Bugünkü köşe yazısında bu konuya değinen Ali Ekber Yıldırım konunun iki boyutu olduğuna değindi. Yıldırım, “Birincisi, koronavirüsün tarım ve gıda ürünleri ile bulaşıp bulaşmadığı. Diğer boyutu ise ülkelerin aldıkları önlemler çerçevesinde sınırların kapatılması, ulaşımın engellenmesi, bazı ülkelerde sokağa çıkma yasağına kadar varan önlemlerin tarım ve gıda üretimini, tüketimini nasıl etkileyeceğidir.

Salgının en etkili olduğu Avrupa Birliği ve Çin başta olmak üzere, Amerika Birleşik Devletleri (ABD) ile Dünya Sağlık Örgütü kaynaklarının tamamı, gıda tüketimi ile koronavirüsün bulaştığına dair bir kanıt olmadığı konusunda hemfikir.

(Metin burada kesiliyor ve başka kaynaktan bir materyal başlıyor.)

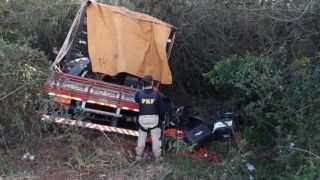 Motorista de caminhão morre em acidente na FreeWay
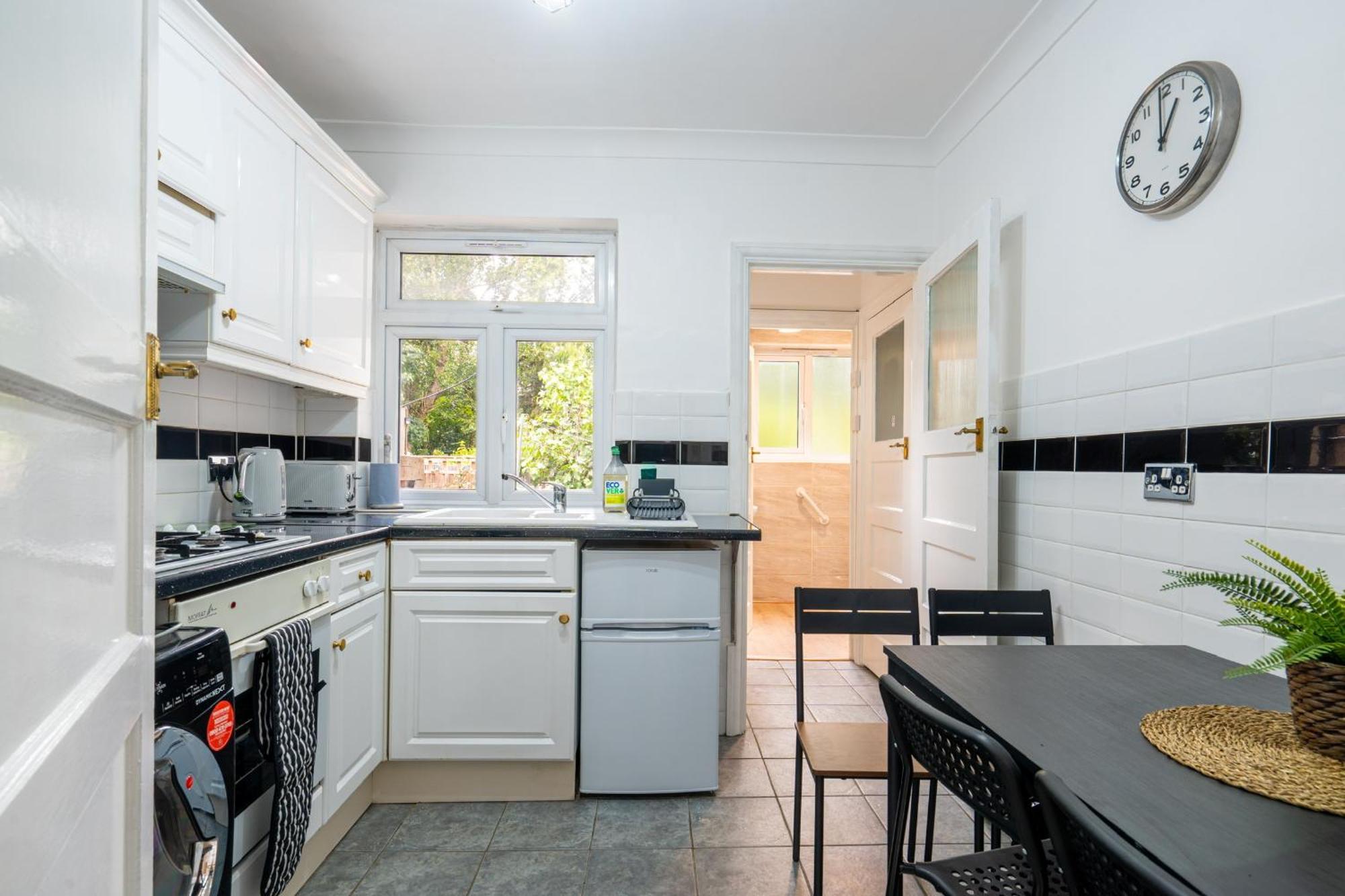 2 Bed, Wembley, Ealing,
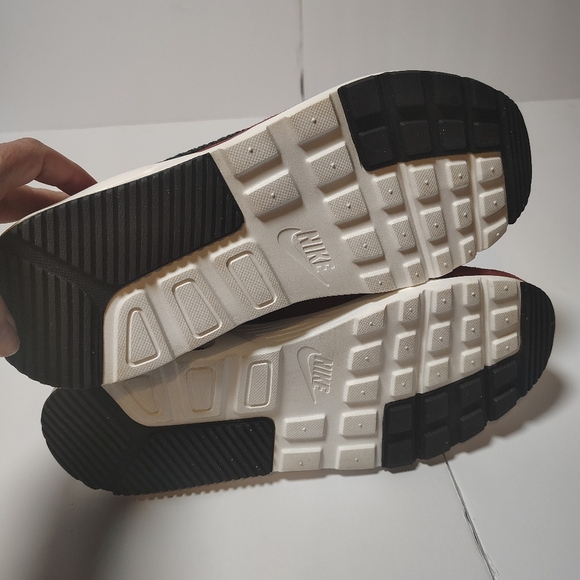 Nike Air Max SC SE Women's  Sneakers Size 9.5 - Picture 3 of 9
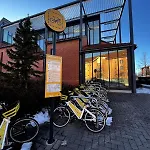 Bohemian Luxury With Private Sauna, Own Carparking, 3 Km From Airport Апартаменты *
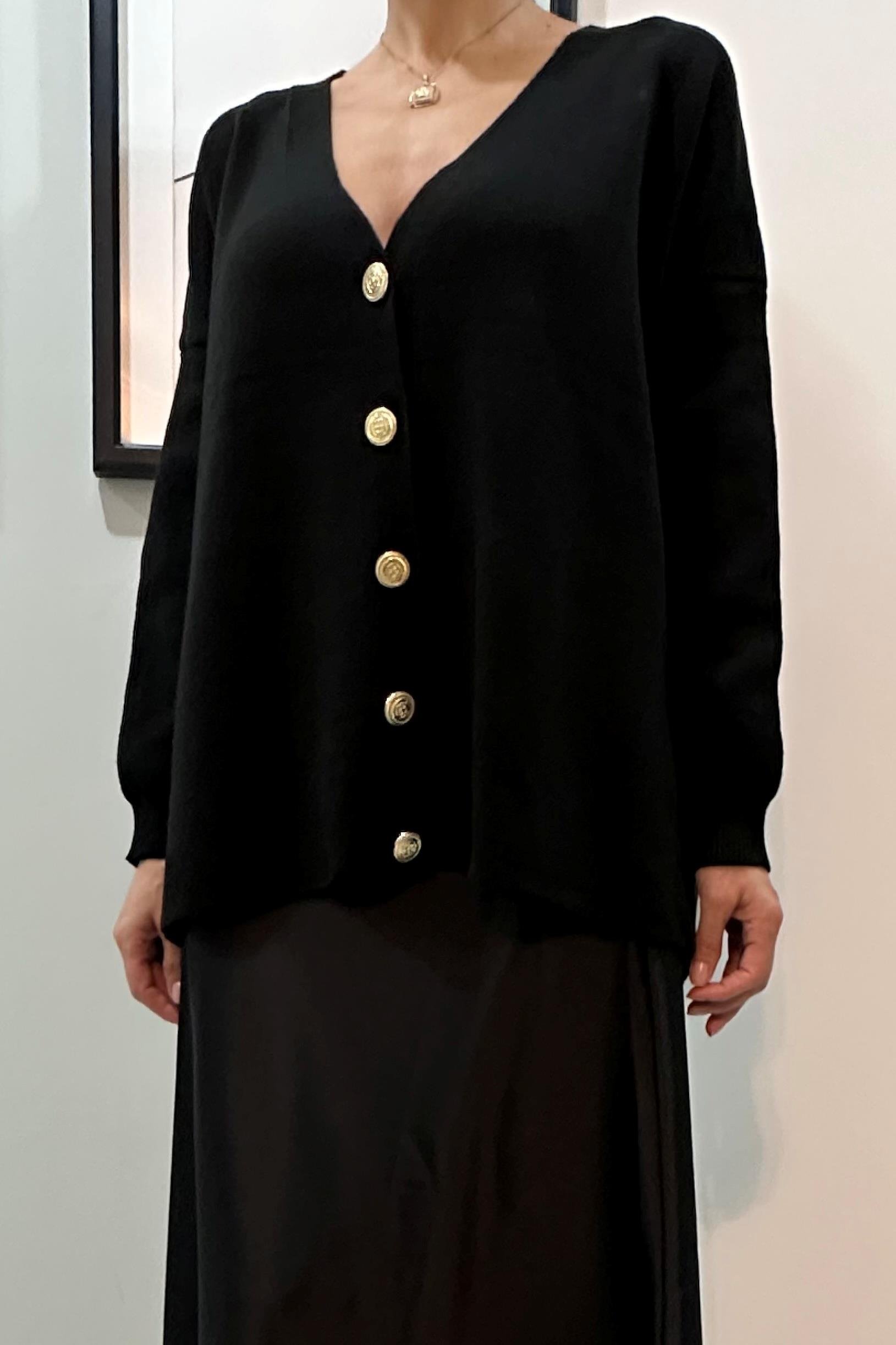 GOL DÜĞMELİ SİYAH OVERSİZE HIRKA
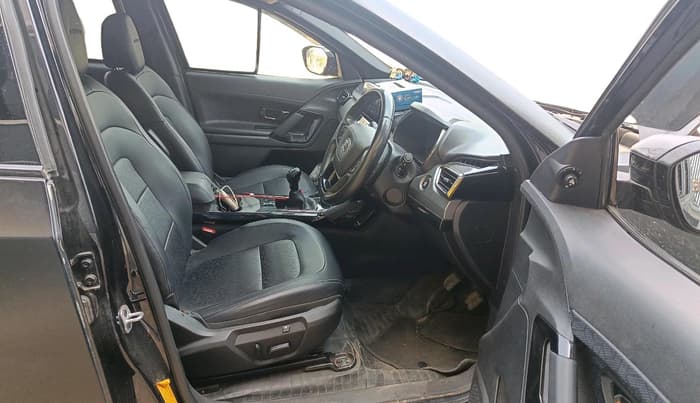 2022 Tata Safari XZ PLUS DARK EDITION, Diesel, Manual, 73,684 km, interior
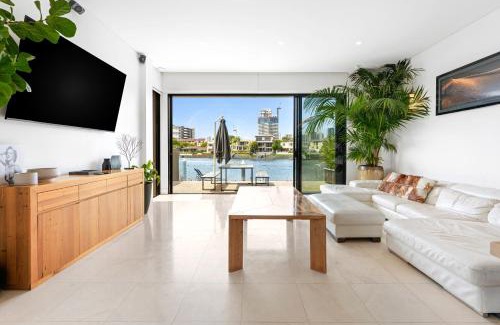 Surfers Paradise Villa | 3 m Luxury Waterfront Villa in Paradise Pets Welcome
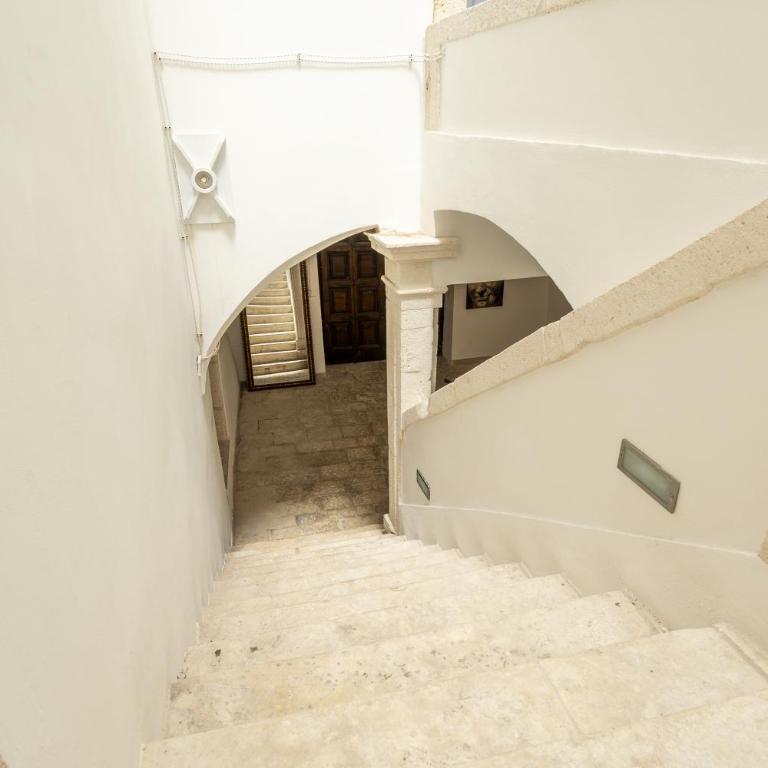 Corte Nobile - Residenze Storiche nel Cuore della Città Bianca - Camera Matrimoniale Deluxe con Balcone - 21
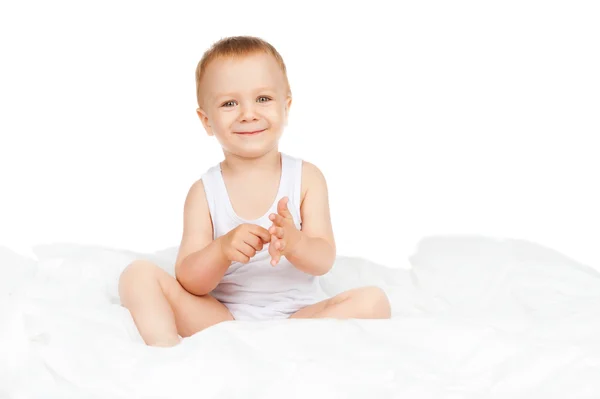 Kleiner Junge im Bett — Stockfoto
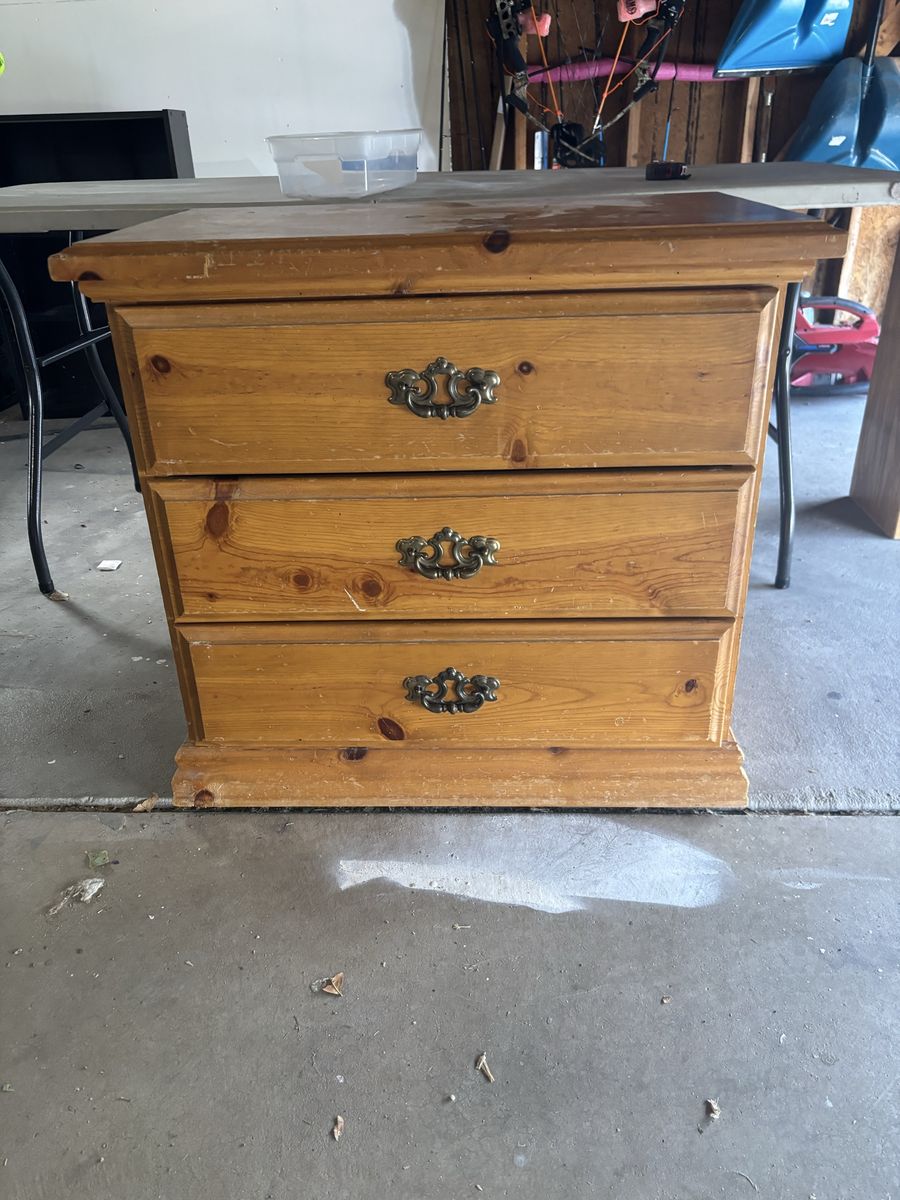 Wooden 3-Drawer Nightstand/End Table - Light Brown, 29"H x 18"Wx32L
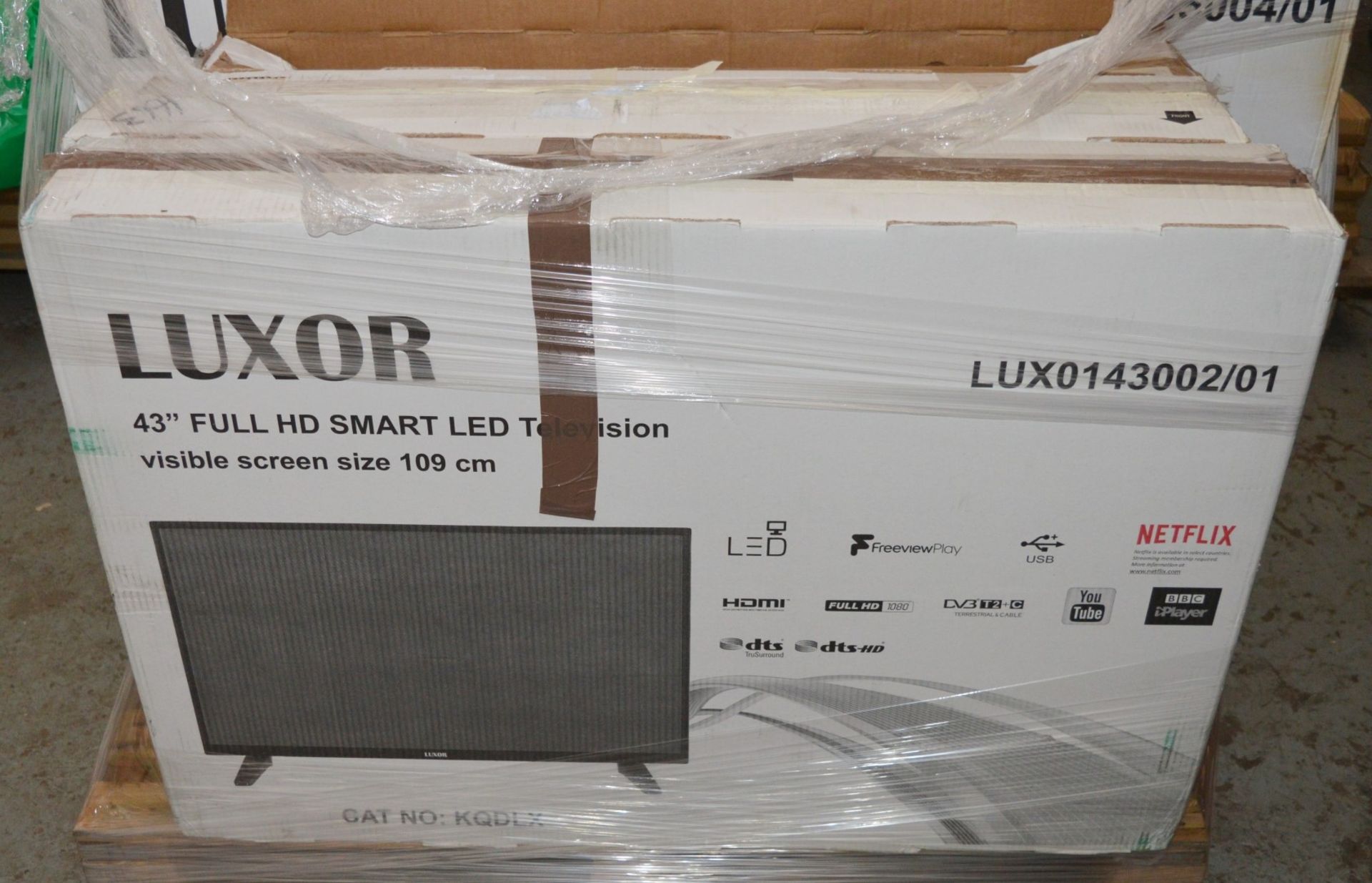 3 x Luxor 43 inch Full HD LED Smart Televisions With Freeview - Spares or Repairs - CL010 - - Image 2 of 2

Tarımsal üretim ve gıda güvenliği konusunda ise farklı görüşler var. Ancak gerçek olan şu ki, bu salgın bir kez daha tarım ve gıdanın önemini gösterdi. Daha da önemlisi kendi kendine yeterliliğin önemi bir kez daha kanıtlanmış oldu.” tespitinde bulundu

AVRUPA’DAN TARIMA DESTEK

Koronavirüsün en yaygın olduğu bölge konumuna gelen Avrupa Birliği’nde (AB) tarımsal üretim ve gıda ihtiyacının karşılanması için ek destekler gündemde. İtalya Tarım Bakanı Teresa Bellanova, Avrupa Komisyonu’ndan koronavirüs nedeniyle zor durumda kalan çiftçiler için Ortak Tarım Politikası’nın idari prosedürlerinin ertelenmesini istedi. Komisyon bu talebe olumlu yanıt verdi.

TÜRKİYE NE DURUMDA

Genel olarak, bilim Kurulu öncülüğünde süreci iyi yöneten Türkiye’nin tarım ve gıda konusunda ise Türkiye’nin virüsün başladığı Çin›den tarım ve gıda ürünü ithalatı çok sınırlı. Bu nedenle Çin kaynaklı bir sorun yaşanması beklenmiyor. AB, Türkiye’nin dış ticaretinde çok önemli bir pazar hem ithalat hem de ihracat açısından. Koronavirüsün şu anda en etkili olduğu İtalya ve İspanya birçok üründe Türkiye’nin en ciddi rakipleri. İtalya ve İspanya› dan ürün tedariki yapamayan ülkeler Türkiye›ye yöneliyor. Fakat Türkiye’nin buna hazırlıklı olduğunu söylemek mümkün değil.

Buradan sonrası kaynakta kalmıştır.